Give back every record below word for word, with the pictures omitted.

Input data below:

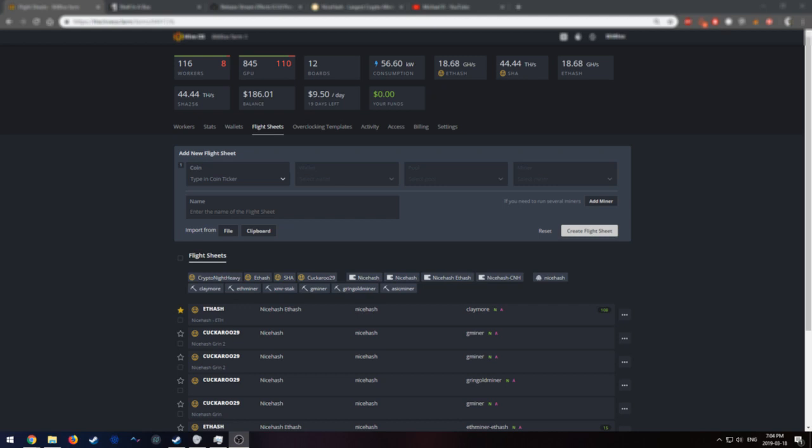Hey guys, I want to make a tutorial video on how to mine Grin on NiceHash. The advantage to doing this is that you'll get paid out in Bitcoin as opposed to Grin. This is what I see as beneficial, and this is what I'm going to do. Now, let's get started.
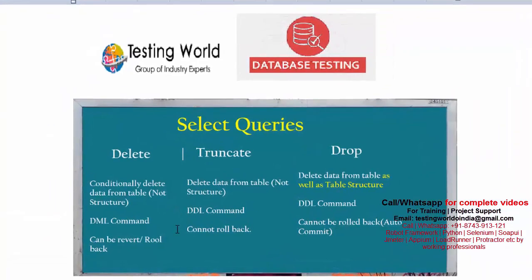Try to execute all these queries carefully, because they are deleting data. Also, in interviews you are going to face the question: what is the difference between DELETE, DROP, and TRUNCATE? So here we have seen what DELETE, DROP, and TRUNCATE are. That's all for this session — thanks for watching this video.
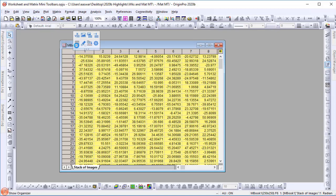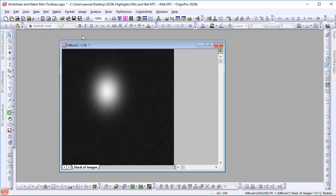Matrix sheet mini-toolbars include buttons such as toggle matrix view.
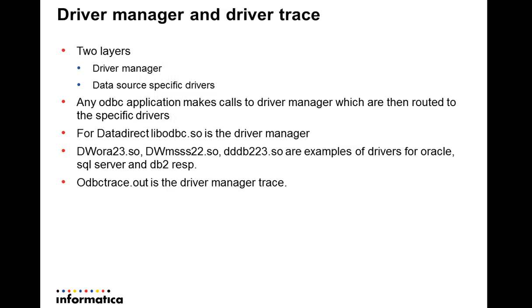Any ODBC application goes through two layers to reach the data source. The first one is the driver manager layer, and the second is the data source specific driver layer. For DataDirect, libodbc is the driver manager layer.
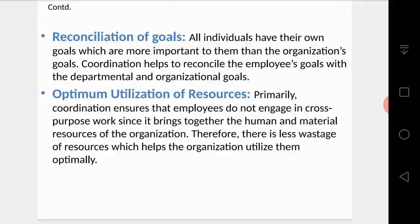The fifth importance is reconciliation of goals. All individuals have their own personal goals which are more important to them than the organizational goals. Coordination helps reconcile the employee's personal goals with the departmental and organizational goals, aligning individual interests with the broader organizational direction.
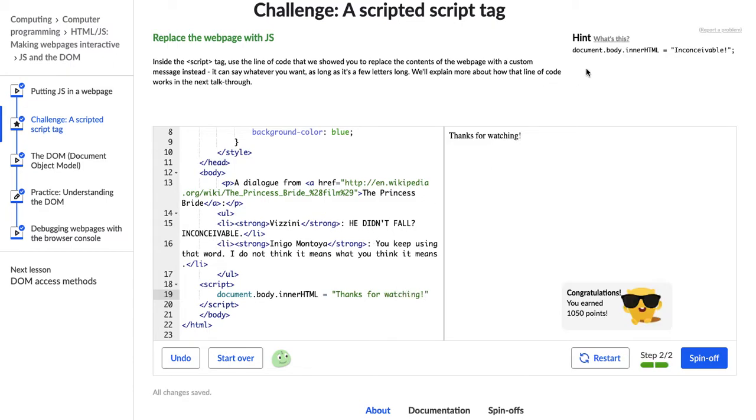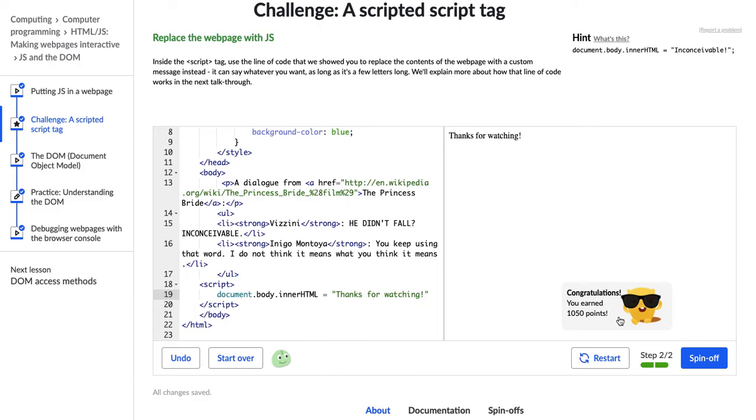So I replaced all of the web page HTML using this property document.body.innerHTML using JavaScript within the script tag, and Hopper pops up with super cool glasses saying congratulations. You earned 1,050 points.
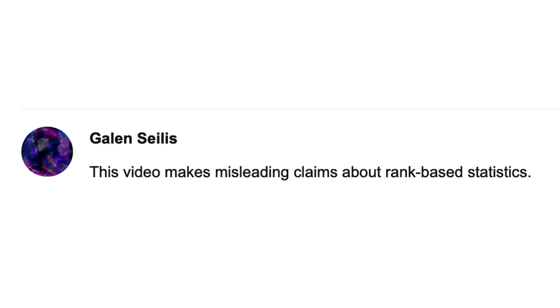Let me start by telling you why I'm recording this video in the first place. On my YouTube channel, whenever there's a comment made, it comes through my email. A year ago, I got a comment that kind of surprised me: 'This video makes misleading claims about rank-based statistics.' Hello, and welcome to my channel. The initial comment kind of rubbed me the wrong way, but fortunately the commenter went on to explain what they were talking about. Here was their response — we'll go into more detail later.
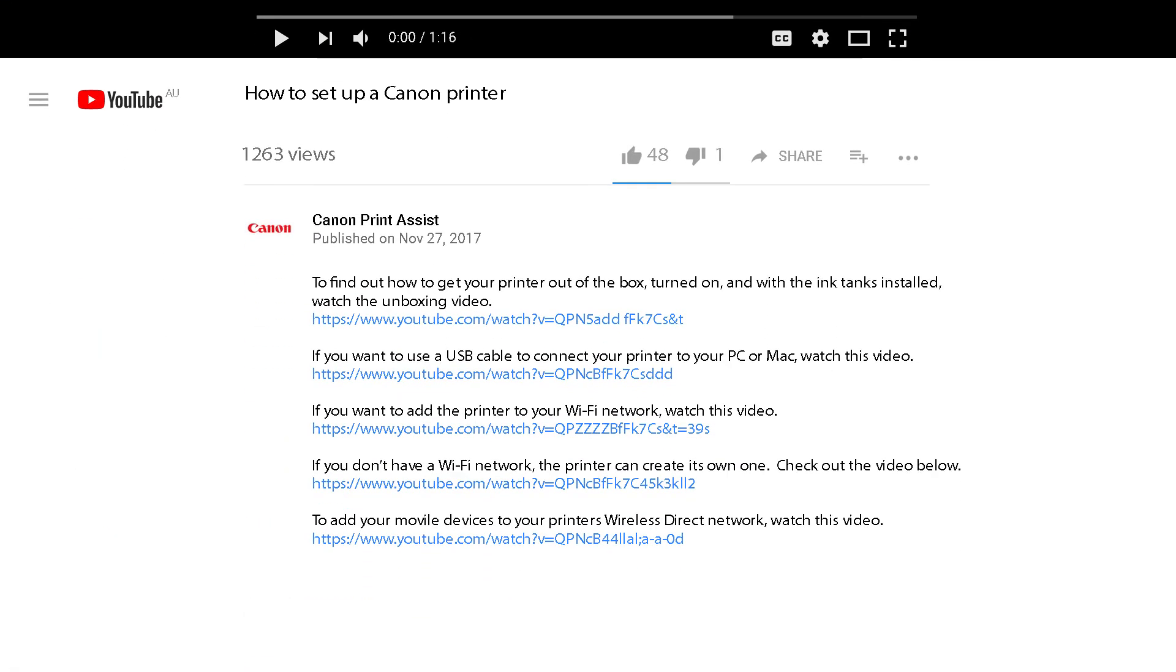To watch the videos right here on YouTube, check out the links to each video in the description field below.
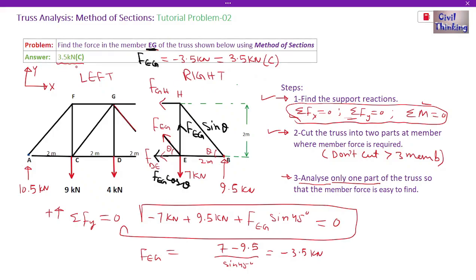This is how we find the force in a particular member using the method of sections. If you enjoyed this video and learned something, please give a thumbs up. See you in the next class — thank you!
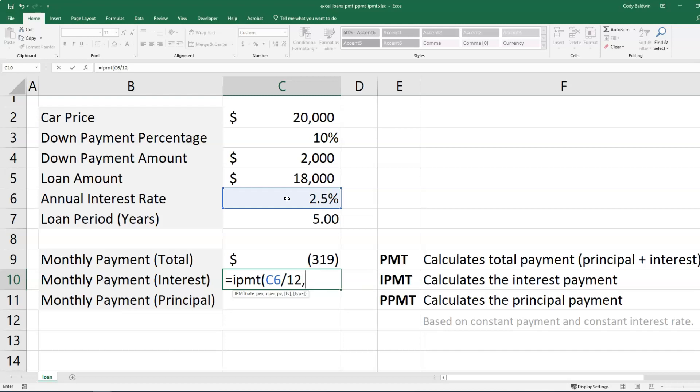So as you pay more of the loan off, the balance between the amount of interest and principal you pay changes. So often times at the beginning of the loan, you pay more interest than you do principal. And so we're saying here in this case for the period is that I want to know what the interest is going to be on my first payment. I could use a different payment if I wanted to, but I'm going to start with the first one.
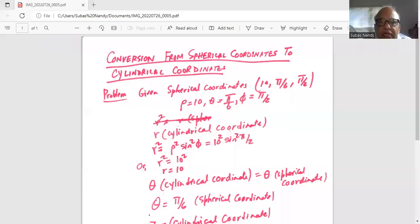Good day everybody. Today we are going to talk about a problem in conversion from spherical coordinates to cylindrical coordinates.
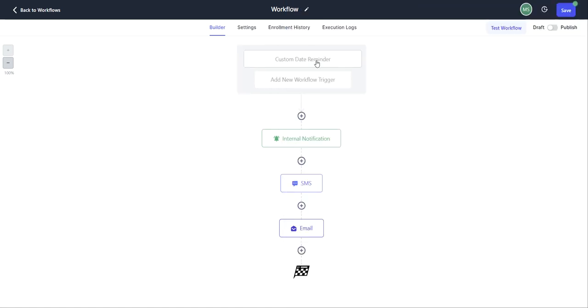You'll see that trigger in your workflow. And then just make sure that you're clicking on the blue save button up here in the top right corner to save your workflow as well.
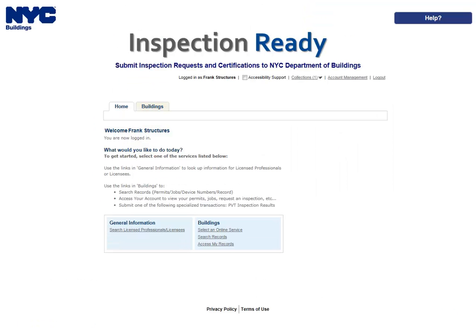Cancellations will be accepted online up to 48 hours prior to the scheduled inspection. You must call the Department of Buildings at the phone number listed in your appointment confirmation email to cancel an inspection that is scheduled to take place within 48 hours.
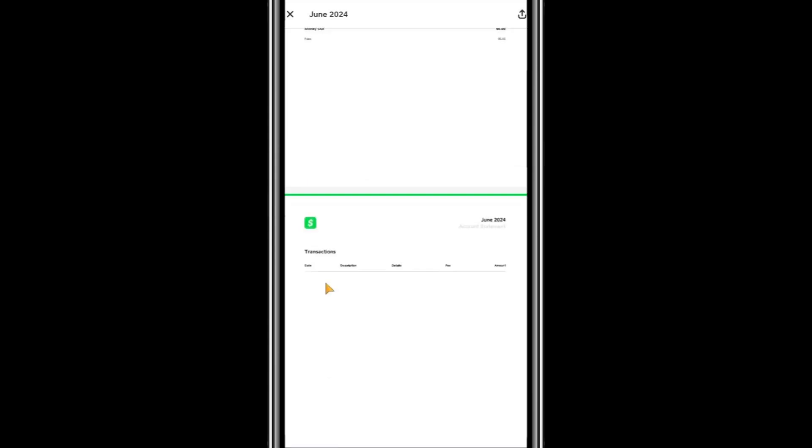Scroll through the statement to locate the transaction you're interested in. The transaction ID will be listed along with other details, such as the amount and date. That's it. That's how you can find the transaction ID on Cash App. Thank you for watching, and I'll see you in the next video.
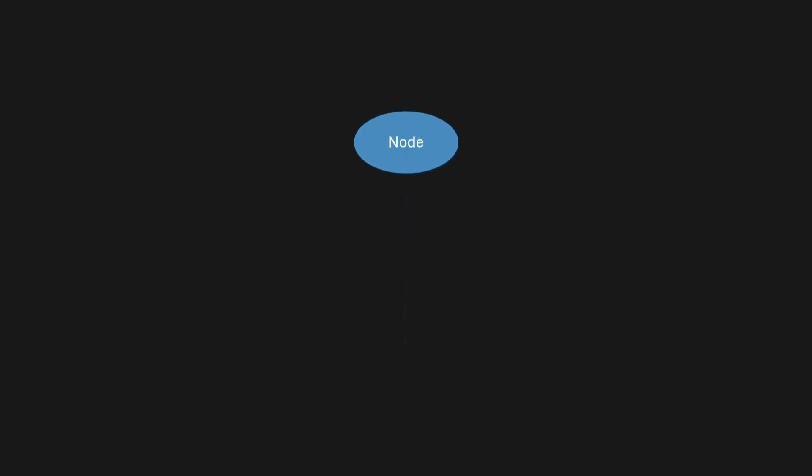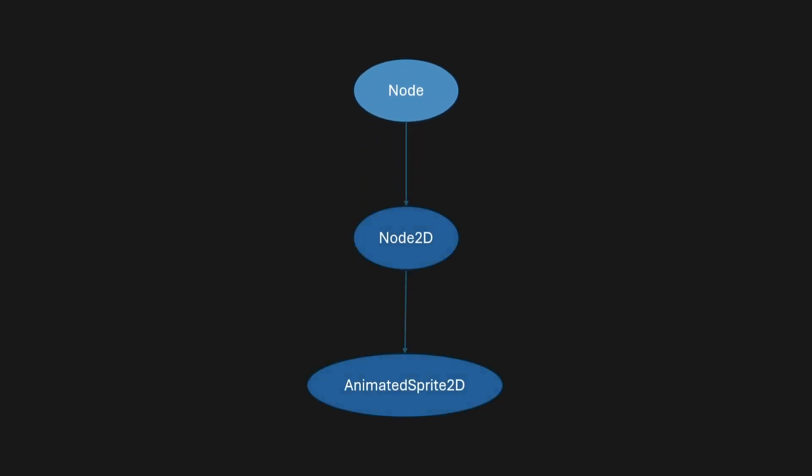Inside of Godot, everything is built on something called a node. Inside of this node, we will have other nodes that will inherit this original node.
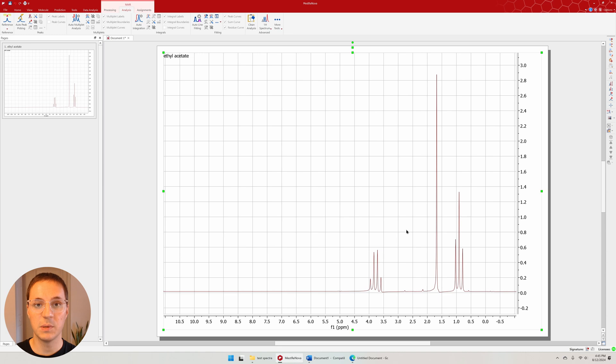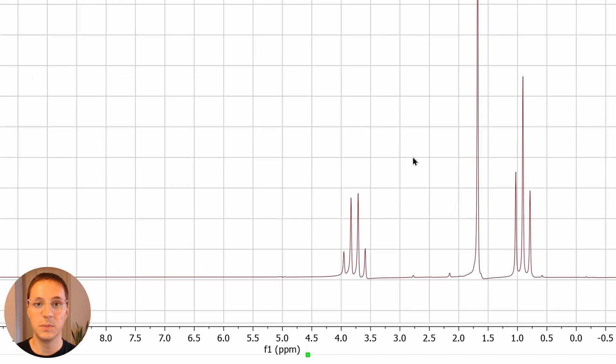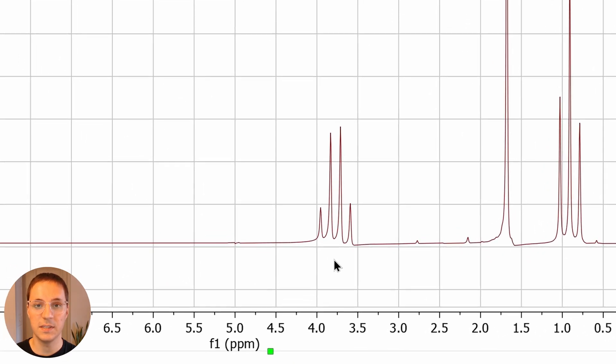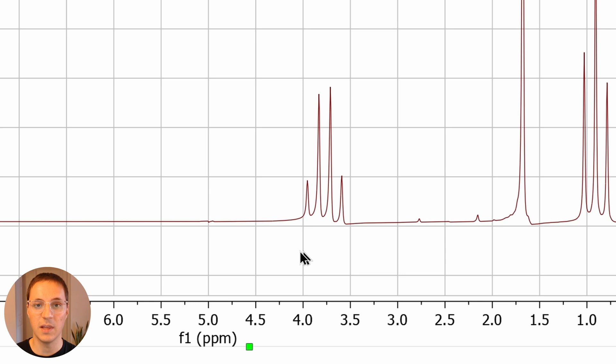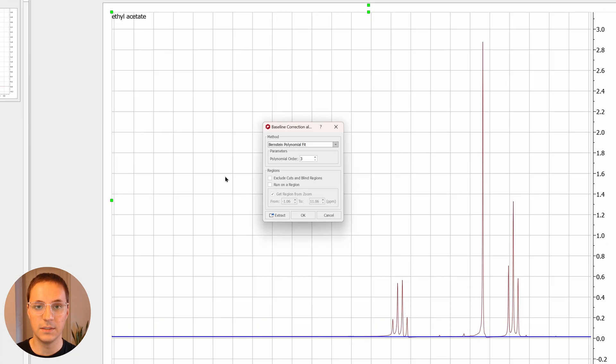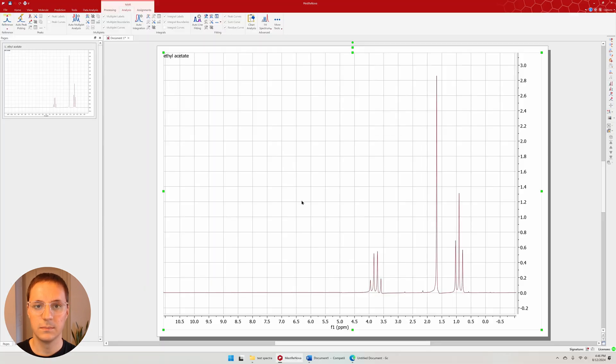The first step in processing our spectrum is to adjust the baseline and phasing. The baseline should be relatively flat and the phasing should be adjusted such that the baseline is the same level on either side of a signal. Press B to enter the baseline tool. The default settings will usually work. Press OK.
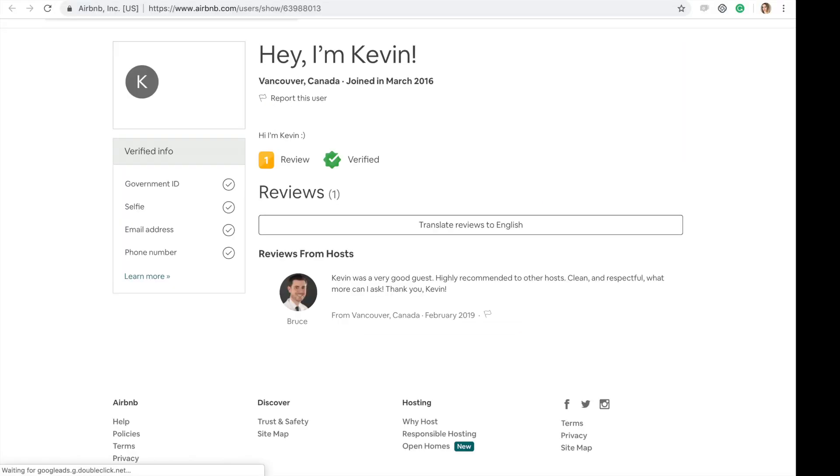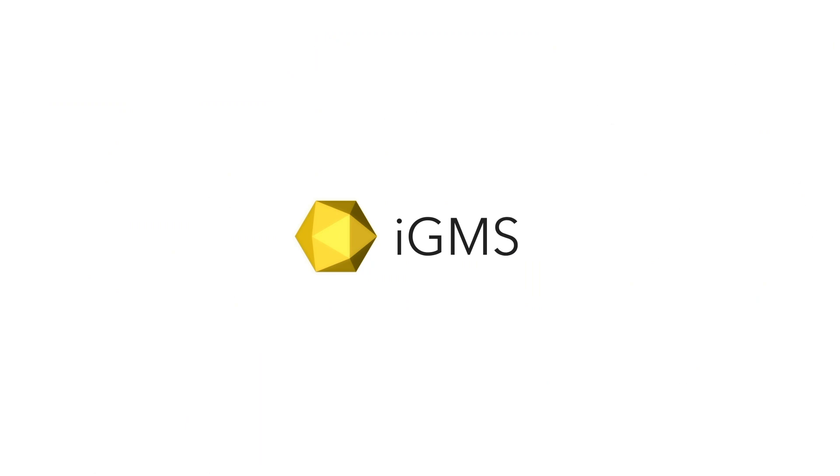Please note that your reviews will be posted on Airbnb directly and they won't be visible on IGMS. Thank you so much for coming.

End of Input data.

#### Solution to this task:
Hey guys, I want to make a tutorial video on how to mine Grin on NiceHash. The advantage to doing this is that you'll get paid out in Bitcoin as opposed to Grin. This is what I see as beneficial, and this is what I'm going to do. Now, let's get started.
Try to execute all these queries carefully, because they are deleting data. Also, in interviews you are going to face the question: what is the difference between DELETE, DROP, and TRUNCATE? So here we have seen what DELETE, DROP, and TRUNCATE are. That's all for this session — thanks for watching this video.
Matrix sheet mini-toolbars include buttons such as toggle matrix view.
Any ODBC application goes through two layers to reach the data source. The first one is the driver manager layer, and the second is the data source specific driver layer. For DataDirect, libodbc is the driver manager layer.
The fifth importance is reconciliation of goals. All individuals have their own personal goals which are more important to them than the organizational goals. Coordination helps reconcile the employee's personal goals with the departmental and organizational goals, aligning individual interests with the broader organizational direction.
So I replaced all of the web page HTML using this property document.body.innerHTML using JavaScript within the script tag, and Hopper pops up with super cool glasses saying congratulations. You earned 1,050 points.
Let me start by telling you why I'm recording this video in the first place. On my YouTube channel, whenever there's a comment made, it comes through my email. A year ago, I got a comment that kind of surprised me: 'This video makes misleading claims about rank-based statistics.' Hello, and welcome to my channel. The initial comment kind of rubbed me the wrong way, but fortunately the commenter went on to explain what they were talking about. Here was their response — we'll go into more detail later.
To watch the videos right here on YouTube, check out the links to each video in the description field below.
This is how we find the force in a particular member using the method of sections. If you enjoyed this video and learned something, please give a thumbs up. See you in the next class — thank you!
So as you pay more of the loan off, the balance between the amount of interest and principal you pay changes. So often times at the beginning of the loan, you pay more interest than you do principal. And so we're saying here in this case for the period is that I want to know what the interest is going to be on my first payment. I could use a different payment if I wanted to, but I'm going to start with the first one.
Good day everybody. Today we are going to talk about a problem in conversion from spherical coordinates to cylindrical coordinates.
You'll see that trigger in your workflow. And then just make sure that you're clicking on the blue save button up here in the top right corner to save your workflow as well.
Cancellations will be accepted online up to 48 hours prior to the scheduled inspection. You must call the Department of Buildings at the phone number listed in your appointment confirmation email to cancel an inspection that is scheduled to take place within 48 hours.
Scroll through the statement to locate the transaction you're interested in. The transaction ID will be listed along with other details, such as the amount and date. That's it. That's how you can find the transaction ID on Cash App. Thank you for watching, and I'll see you in the next video.
Inside of Godot, everything is built on something called a node. Inside of this node, we will have other nodes that will inherit this original node.
The first step in processing our spectrum is to adjust the baseline and phasing. The baseline should be relatively flat and the phasing should be adjusted such that the baseline is the same level on either side of a signal. Press B to enter the baseline tool. The default settings will usually work. Press OK.
Please note that your reviews will be posted on Airbnb directly and they won't be visible on IGMS. Thank you so much for coming.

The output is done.